**EXERCISE**
Go through the entries below and return every line that contains "Premium".

------ SOURCE MATERIAL

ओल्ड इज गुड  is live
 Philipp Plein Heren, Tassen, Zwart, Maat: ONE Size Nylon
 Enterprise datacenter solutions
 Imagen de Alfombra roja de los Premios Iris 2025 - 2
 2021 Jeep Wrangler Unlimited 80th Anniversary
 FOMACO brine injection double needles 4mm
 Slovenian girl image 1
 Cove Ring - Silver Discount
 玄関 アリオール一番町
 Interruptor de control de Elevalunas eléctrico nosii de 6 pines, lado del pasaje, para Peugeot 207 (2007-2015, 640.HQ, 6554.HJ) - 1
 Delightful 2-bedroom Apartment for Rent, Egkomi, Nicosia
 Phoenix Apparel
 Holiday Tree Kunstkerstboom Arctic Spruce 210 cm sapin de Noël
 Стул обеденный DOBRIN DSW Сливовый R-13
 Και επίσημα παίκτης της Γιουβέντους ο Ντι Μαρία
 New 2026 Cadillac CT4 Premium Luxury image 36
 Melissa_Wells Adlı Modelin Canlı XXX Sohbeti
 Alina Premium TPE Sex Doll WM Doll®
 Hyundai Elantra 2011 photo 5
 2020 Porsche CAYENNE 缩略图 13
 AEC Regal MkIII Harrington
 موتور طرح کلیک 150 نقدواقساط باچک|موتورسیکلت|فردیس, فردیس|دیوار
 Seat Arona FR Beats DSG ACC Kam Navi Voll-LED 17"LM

------------

**ANSWER SECTION**
 New 2026 Cadillac CT4 Premium Luxury image 36
 Alina Premium TPE Sex Doll WM Doll®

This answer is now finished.